From the material below, reproduce exactly the stretch of lines that begins with the line holding "for Party, 80-Pack" and ends with the line holding "Leviton BR20 Series", skipping the pictures.

* Records for this exercise *
────────────────────────────────────────

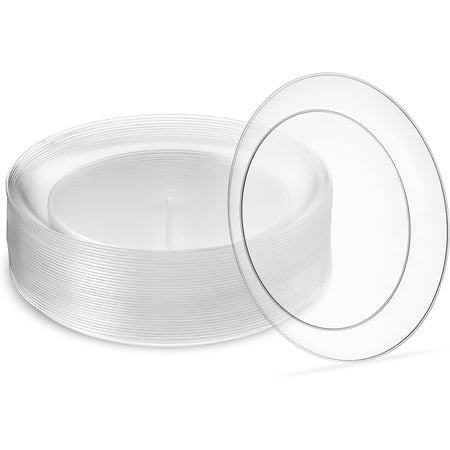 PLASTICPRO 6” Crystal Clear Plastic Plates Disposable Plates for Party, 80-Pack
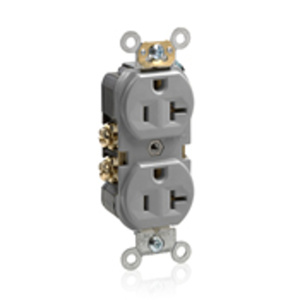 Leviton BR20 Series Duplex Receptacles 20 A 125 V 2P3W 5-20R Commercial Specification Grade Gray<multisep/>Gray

────────────────────────────────────────

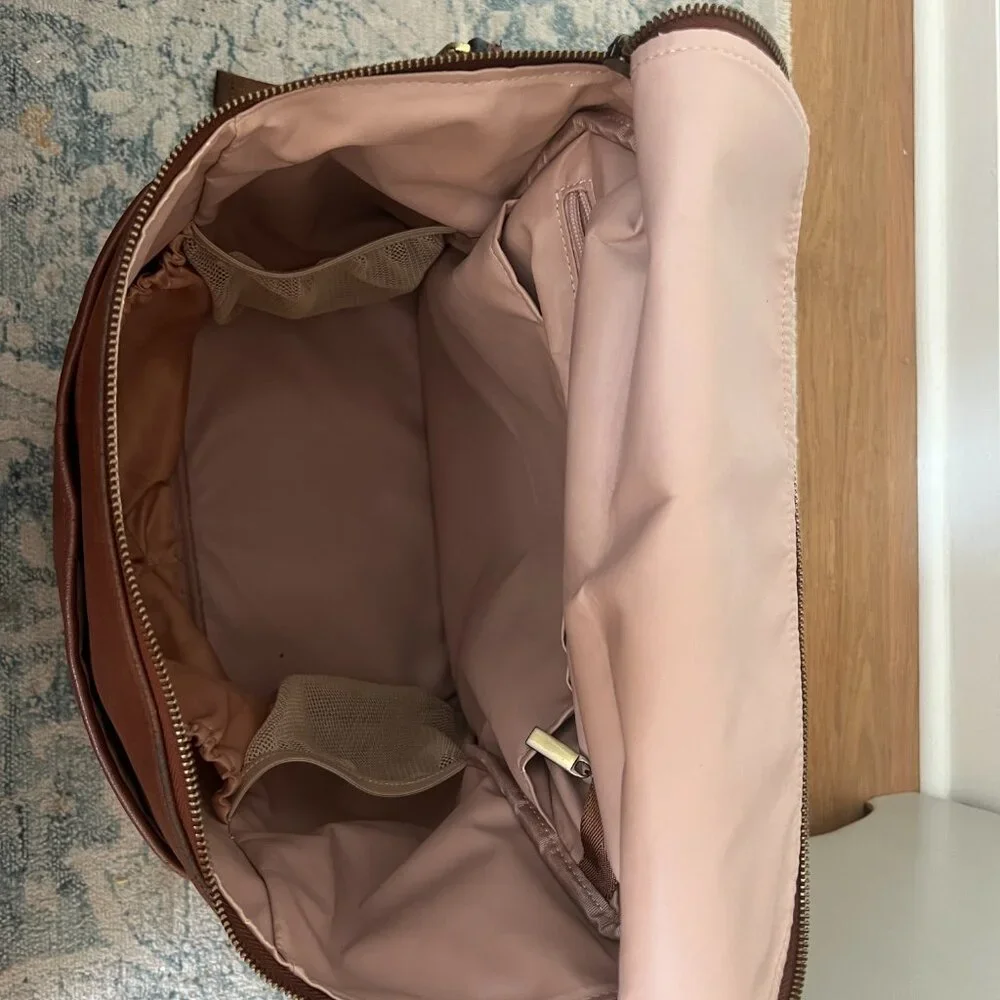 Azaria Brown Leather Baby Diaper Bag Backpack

────────────────────────────────────────

* Answer box *
 PLASTICPRO 6” Crystal Clear Plastic Plates Disposable Plates for Party, 80-Pack
 Leviton BR20 Series Duplex Receptacles 20 A 125 V 2P3W 5-20R Commercial Specification Grade Gray<multisep/>Gray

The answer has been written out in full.